### Task to complete
Retype, word for word, every line of the records below starting at the one that contains "[ 3cm 4cm 5cm" and ending at the one that contains "Tissot Men's Le"; include both of those lines and nothing more.

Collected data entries
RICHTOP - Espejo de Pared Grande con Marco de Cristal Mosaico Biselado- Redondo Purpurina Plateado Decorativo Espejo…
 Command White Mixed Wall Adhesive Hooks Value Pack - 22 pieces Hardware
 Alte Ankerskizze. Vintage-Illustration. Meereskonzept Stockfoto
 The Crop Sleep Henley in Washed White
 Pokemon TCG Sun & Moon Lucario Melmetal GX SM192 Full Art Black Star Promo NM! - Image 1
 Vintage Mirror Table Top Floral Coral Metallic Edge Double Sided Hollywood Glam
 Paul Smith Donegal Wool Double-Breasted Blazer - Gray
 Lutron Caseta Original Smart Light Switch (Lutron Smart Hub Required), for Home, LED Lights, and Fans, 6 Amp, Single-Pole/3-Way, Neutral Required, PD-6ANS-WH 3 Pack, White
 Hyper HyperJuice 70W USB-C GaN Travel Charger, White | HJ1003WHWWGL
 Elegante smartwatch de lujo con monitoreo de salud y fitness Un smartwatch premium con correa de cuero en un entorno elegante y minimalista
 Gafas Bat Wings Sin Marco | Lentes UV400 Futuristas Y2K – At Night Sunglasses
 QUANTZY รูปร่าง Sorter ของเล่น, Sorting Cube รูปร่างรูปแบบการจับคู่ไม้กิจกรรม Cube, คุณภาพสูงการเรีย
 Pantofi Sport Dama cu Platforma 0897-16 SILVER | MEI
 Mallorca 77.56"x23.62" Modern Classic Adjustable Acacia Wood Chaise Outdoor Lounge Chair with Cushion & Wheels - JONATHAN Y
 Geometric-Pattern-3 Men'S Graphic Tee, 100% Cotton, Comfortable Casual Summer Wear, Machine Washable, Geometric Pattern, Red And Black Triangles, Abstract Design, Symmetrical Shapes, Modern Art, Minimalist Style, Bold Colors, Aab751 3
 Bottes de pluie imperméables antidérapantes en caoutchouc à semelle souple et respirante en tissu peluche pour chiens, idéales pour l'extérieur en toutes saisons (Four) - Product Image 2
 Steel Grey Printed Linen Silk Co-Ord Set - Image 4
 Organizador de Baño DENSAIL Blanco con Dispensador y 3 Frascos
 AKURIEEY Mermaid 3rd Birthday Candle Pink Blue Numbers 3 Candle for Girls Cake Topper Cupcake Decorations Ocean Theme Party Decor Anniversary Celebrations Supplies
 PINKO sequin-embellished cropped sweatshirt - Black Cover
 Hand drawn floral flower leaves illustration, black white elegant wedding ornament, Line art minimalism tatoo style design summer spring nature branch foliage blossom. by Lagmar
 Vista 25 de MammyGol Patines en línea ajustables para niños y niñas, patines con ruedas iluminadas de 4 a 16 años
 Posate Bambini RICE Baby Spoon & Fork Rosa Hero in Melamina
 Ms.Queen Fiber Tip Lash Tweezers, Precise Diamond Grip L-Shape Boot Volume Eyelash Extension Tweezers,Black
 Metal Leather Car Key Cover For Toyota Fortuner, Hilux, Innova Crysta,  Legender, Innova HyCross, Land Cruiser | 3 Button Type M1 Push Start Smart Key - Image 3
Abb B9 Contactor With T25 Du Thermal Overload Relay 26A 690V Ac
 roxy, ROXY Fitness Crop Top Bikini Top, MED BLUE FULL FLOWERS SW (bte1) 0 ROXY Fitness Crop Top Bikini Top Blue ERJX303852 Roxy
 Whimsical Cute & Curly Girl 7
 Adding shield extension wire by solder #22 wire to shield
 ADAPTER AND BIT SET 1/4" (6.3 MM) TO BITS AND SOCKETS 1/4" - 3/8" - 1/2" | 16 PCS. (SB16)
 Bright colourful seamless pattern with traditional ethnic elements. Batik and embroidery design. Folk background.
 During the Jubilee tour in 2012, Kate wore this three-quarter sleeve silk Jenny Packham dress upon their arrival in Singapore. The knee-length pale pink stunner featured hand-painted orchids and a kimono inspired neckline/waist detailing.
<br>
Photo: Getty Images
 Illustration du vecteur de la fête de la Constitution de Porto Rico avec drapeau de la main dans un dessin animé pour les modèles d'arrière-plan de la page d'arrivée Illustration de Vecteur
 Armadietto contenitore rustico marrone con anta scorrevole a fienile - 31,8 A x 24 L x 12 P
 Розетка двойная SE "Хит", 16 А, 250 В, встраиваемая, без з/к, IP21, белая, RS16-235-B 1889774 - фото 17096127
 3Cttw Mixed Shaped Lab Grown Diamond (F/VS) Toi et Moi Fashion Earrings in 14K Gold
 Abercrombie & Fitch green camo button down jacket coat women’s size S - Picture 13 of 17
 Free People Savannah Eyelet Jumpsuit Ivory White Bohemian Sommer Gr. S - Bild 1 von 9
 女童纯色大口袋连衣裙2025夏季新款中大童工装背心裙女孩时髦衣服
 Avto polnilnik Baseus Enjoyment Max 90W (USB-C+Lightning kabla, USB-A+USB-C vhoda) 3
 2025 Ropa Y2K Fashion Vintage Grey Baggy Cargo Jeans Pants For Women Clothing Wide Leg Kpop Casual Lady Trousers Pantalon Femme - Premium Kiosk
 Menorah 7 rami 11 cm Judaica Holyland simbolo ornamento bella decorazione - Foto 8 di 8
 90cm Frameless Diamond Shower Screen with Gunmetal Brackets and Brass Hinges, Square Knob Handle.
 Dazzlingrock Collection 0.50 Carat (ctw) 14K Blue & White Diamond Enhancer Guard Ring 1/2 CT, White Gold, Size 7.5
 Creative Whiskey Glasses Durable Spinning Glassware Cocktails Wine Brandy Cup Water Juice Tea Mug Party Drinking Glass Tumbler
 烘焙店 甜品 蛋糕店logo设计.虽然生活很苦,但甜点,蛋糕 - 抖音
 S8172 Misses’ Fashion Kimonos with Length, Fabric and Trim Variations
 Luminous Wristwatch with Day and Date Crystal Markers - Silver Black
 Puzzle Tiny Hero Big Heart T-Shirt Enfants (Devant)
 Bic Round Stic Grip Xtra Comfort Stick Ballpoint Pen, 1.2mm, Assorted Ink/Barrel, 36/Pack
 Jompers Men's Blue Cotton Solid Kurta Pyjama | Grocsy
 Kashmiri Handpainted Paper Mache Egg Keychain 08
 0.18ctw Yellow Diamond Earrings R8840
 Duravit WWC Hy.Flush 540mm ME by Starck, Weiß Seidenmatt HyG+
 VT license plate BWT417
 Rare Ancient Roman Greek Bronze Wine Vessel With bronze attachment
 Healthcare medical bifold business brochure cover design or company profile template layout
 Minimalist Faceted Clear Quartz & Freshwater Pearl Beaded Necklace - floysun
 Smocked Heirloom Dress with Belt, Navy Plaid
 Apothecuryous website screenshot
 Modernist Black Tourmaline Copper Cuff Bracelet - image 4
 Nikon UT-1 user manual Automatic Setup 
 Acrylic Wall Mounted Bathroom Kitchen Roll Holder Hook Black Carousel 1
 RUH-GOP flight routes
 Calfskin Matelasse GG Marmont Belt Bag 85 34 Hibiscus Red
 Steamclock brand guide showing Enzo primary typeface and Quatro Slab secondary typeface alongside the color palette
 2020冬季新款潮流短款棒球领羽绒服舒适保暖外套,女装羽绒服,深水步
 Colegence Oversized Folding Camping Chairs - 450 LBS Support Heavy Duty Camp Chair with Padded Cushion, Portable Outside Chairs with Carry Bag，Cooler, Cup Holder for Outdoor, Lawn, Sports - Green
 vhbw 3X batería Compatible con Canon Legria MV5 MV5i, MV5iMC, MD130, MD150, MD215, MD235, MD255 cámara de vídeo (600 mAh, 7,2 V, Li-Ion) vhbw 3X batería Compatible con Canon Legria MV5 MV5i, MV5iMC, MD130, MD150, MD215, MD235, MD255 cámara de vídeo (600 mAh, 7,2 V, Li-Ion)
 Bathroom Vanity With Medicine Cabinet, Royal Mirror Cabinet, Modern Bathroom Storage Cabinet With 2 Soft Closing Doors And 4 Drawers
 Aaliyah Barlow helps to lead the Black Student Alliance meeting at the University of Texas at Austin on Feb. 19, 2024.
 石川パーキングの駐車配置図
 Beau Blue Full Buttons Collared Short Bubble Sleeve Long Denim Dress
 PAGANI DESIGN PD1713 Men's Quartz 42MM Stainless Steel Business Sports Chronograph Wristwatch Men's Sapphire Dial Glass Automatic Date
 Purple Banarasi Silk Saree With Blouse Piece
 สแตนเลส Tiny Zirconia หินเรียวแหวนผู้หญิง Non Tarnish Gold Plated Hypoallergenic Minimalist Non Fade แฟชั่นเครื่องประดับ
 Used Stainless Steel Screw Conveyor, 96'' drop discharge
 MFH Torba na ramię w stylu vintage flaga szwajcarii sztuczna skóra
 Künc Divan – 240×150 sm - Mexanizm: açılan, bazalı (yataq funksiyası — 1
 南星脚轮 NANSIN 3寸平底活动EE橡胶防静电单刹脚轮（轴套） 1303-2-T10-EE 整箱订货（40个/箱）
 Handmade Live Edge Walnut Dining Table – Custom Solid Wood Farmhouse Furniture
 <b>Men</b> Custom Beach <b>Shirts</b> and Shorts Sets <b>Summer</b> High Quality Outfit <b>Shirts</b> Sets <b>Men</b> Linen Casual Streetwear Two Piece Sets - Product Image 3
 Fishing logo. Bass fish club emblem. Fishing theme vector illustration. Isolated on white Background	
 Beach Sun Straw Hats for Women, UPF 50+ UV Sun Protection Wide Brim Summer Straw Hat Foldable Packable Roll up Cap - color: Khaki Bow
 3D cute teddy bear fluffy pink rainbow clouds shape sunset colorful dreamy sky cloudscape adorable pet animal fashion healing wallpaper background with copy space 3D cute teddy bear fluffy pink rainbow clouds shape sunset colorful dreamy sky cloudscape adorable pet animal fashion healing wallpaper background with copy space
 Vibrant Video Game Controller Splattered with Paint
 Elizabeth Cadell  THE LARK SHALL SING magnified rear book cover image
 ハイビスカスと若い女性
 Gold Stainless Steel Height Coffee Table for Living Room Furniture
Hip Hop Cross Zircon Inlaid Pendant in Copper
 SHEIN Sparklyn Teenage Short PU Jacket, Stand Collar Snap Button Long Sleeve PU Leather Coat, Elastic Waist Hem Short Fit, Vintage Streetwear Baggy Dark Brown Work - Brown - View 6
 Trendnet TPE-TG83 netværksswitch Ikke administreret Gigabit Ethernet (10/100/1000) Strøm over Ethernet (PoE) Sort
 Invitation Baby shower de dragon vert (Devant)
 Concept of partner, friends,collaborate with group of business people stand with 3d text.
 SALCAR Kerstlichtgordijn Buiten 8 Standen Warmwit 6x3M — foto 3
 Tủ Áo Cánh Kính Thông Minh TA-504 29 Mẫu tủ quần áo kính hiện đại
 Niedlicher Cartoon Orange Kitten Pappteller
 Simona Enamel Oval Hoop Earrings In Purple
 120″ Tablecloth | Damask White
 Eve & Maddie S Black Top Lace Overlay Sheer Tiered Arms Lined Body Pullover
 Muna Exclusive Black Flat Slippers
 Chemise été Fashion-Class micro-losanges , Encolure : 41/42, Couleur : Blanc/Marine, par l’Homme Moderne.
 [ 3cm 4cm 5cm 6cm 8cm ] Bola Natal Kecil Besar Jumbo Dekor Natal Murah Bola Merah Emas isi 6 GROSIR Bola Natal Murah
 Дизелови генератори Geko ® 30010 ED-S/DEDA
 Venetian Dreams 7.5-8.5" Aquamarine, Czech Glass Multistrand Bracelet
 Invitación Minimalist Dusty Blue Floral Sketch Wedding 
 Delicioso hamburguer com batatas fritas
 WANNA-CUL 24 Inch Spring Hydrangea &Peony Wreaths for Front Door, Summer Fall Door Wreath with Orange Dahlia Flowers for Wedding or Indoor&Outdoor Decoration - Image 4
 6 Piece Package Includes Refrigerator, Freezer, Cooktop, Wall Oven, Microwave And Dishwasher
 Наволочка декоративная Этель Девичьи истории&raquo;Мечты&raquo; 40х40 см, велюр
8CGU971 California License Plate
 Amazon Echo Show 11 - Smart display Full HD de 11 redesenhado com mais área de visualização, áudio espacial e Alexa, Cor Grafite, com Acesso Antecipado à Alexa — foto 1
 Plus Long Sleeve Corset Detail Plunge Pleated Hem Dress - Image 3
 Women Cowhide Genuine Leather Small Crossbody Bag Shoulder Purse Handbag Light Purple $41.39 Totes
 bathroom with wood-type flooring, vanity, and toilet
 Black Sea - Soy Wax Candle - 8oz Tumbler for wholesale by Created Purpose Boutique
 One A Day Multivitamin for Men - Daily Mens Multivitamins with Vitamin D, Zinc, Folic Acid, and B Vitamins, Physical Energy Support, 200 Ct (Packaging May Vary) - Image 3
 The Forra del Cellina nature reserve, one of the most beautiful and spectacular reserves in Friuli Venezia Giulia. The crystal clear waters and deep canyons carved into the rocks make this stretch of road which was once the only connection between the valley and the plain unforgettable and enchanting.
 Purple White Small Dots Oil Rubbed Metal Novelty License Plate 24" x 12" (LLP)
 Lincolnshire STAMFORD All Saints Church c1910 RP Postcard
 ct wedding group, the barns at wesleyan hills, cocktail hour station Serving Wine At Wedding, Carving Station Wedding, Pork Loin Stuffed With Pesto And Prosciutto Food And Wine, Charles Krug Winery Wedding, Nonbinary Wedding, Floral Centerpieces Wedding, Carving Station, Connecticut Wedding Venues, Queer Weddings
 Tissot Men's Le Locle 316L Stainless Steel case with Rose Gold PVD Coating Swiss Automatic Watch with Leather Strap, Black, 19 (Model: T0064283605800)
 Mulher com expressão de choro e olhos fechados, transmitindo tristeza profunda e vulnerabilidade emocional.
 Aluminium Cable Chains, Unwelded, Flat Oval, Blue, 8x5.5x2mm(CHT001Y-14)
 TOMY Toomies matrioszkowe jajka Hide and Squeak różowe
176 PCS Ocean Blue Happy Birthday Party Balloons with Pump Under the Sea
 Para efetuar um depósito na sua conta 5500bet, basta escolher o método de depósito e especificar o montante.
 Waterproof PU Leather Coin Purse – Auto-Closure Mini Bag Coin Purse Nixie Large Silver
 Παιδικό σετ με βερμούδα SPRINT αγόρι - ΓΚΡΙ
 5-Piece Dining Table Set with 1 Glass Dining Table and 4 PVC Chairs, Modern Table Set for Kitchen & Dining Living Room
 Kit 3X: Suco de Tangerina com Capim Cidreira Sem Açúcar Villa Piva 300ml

### Result
 [ 3cm 4cm 5cm 6cm 8cm ] Bola Natal Kecil Besar Jumbo Dekor Natal Murah Bola Merah Emas isi 6 GROSIR Bola Natal Murah
 Дизелови генератори Geko ® 30010 ED-S/DEDA
 Venetian Dreams 7.5-8.5" Aquamarine, Czech Glass Multistrand Bracelet
 Invitación Minimalist Dusty Blue Floral Sketch Wedding 
 Delicioso hamburguer com batatas fritas
 WANNA-CUL 24 Inch Spring Hydrangea &Peony Wreaths for Front Door, Summer Fall Door Wreath with Orange Dahlia Flowers for Wedding or Indoor&Outdoor Decoration - Image 4
 6 Piece Package Includes Refrigerator, Freezer, Cooktop, Wall Oven, Microwave And Dishwasher
 Наволочка декоративная Этель Девичьи истории&raquo;Мечты&raquo; 40х40 см, велюр
8CGU971 California License Plate
 Amazon Echo Show 11 - Smart display Full HD de 11 redesenhado com mais área de visualização, áudio espacial e Alexa, Cor Grafite, com Acesso Antecipado à Alexa — foto 1
 Plus Long Sleeve Corset Detail Plunge Pleated Hem Dress - Image 3
 Women Cowhide Genuine Leather Small Crossbody Bag Shoulder Purse Handbag Light Purple $41.39 Totes
 bathroom with wood-type flooring, vanity, and toilet
 Black Sea - Soy Wax Candle - 8oz Tumbler for wholesale by Created Purpose Boutique
 One A Day Multivitamin for Men - Daily Mens Multivitamins with Vitamin D, Zinc, Folic Acid, and B Vitamins, Physical Energy Support, 200 Ct (Packaging May Vary) - Image 3
 The Forra del Cellina nature reserve, one of the most beautiful and spectacular reserves in Friuli Venezia Giulia. The crystal clear waters and deep canyons carved into the rocks make this stretch of road which was once the only connection between the valley and the plain unforgettable and enchanting.
 Purple White Small Dots Oil Rubbed Metal Novelty License Plate 24" x 12" (LLP)
 Lincolnshire STAMFORD All Saints Church c1910 RP Postcard
 ct wedding group, the barns at wesleyan hills, cocktail hour station Serving Wine At Wedding, Carving Station Wedding, Pork Loin Stuffed With Pesto And Prosciutto Food And Wine, Charles Krug Winery Wedding, Nonbinary Wedding, Floral Centerpieces Wedding, Carving Station, Connecticut Wedding Venues, Queer Weddings
 Tissot Men's Le Locle 316L Stainless Steel case with Rose Gold PVD Coating Swiss Automatic Watch with Leather Strap, Black, 19 (Model: T0064283605800)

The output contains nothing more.